### [TO DO]
Give back exactly the lines starting at the one with "Volkswagen ID.7 Tourer" and ending at the last line of the data below. Pictures are not part of the copy.

== Segment start ==

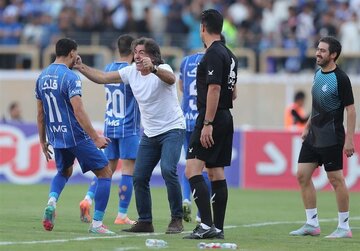 درخواستی که ساپینتو از بازیکنانش کرد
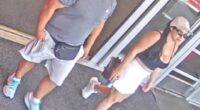 Champaign Co. Crime Stoppers looking for pair of suspected car burglars, credit card thieves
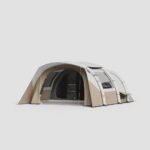 Tienda campaña hinchable 6 personas 3 habitaciones Fresh&Black, Air Seconds 6.3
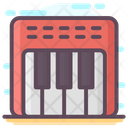 پیش‌نمایش فایل electronic-musical-piano-1814413 از پک متفرقه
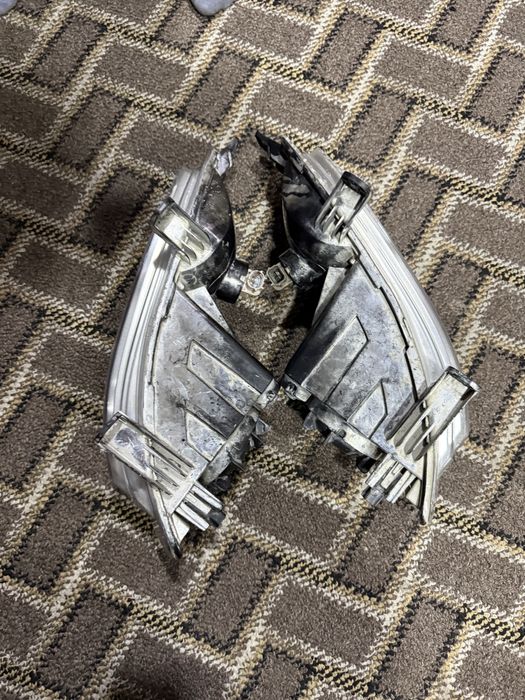 Gentra fara Optra Stop Tumanka zimmer E9 led bn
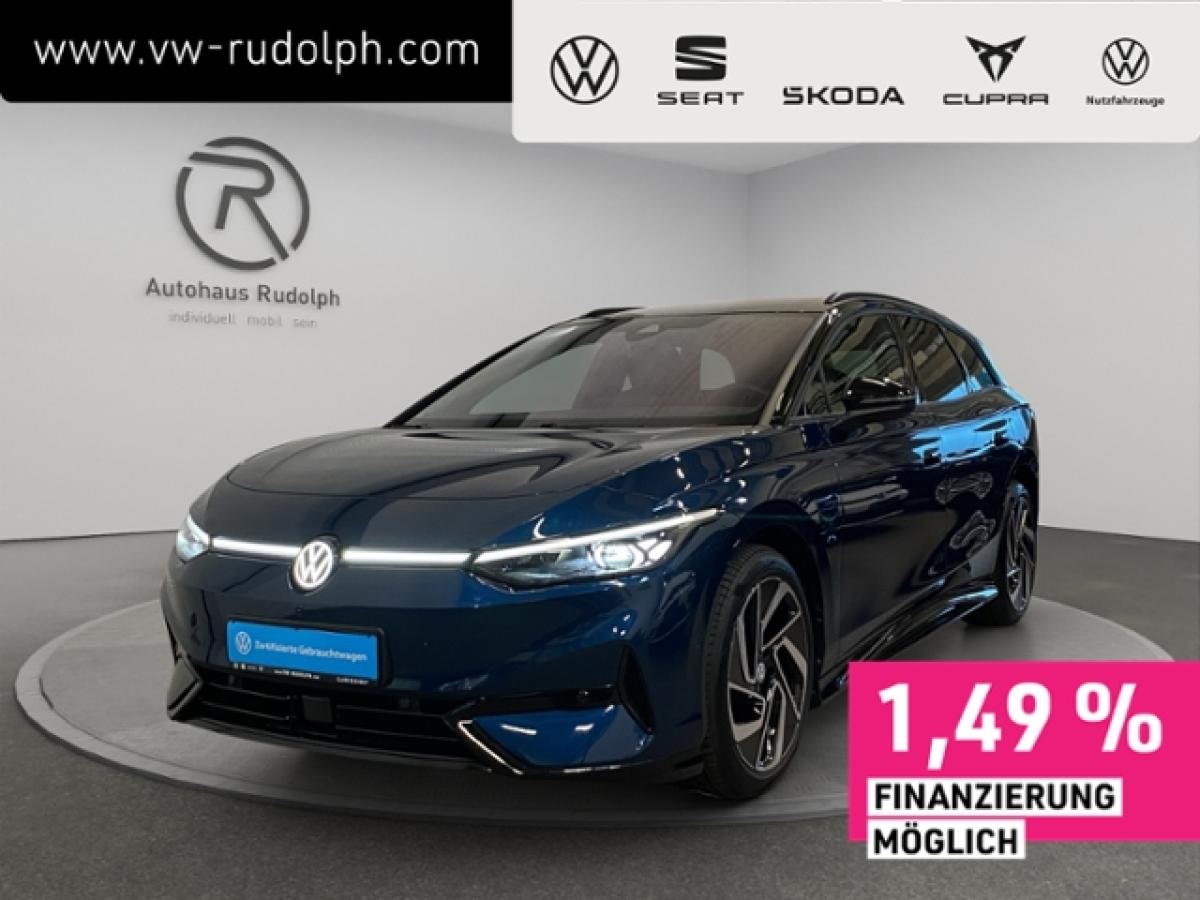 Volkswagen ID.7 Tourer Pro 82 kWh / Navi LED ACC RFK AHK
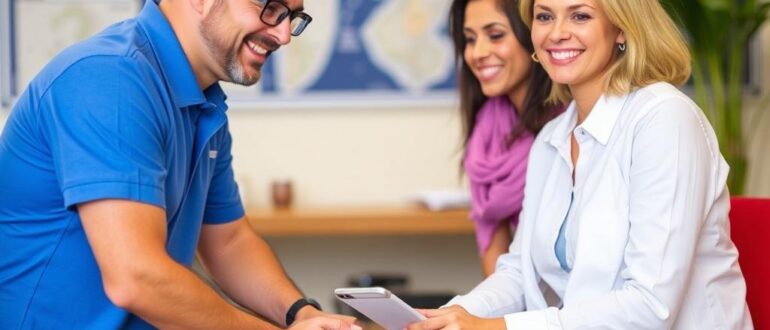 Помощь с визами и страховками: консультации, которые экономят время и нервы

== Segment end ==

### [ANSWER SPACE]
 Volkswagen ID.7 Tourer Pro 82 kWh / Navi LED ACC RFK AHK
 Помощь с визами и страховками: консультации, которые экономят время и нервы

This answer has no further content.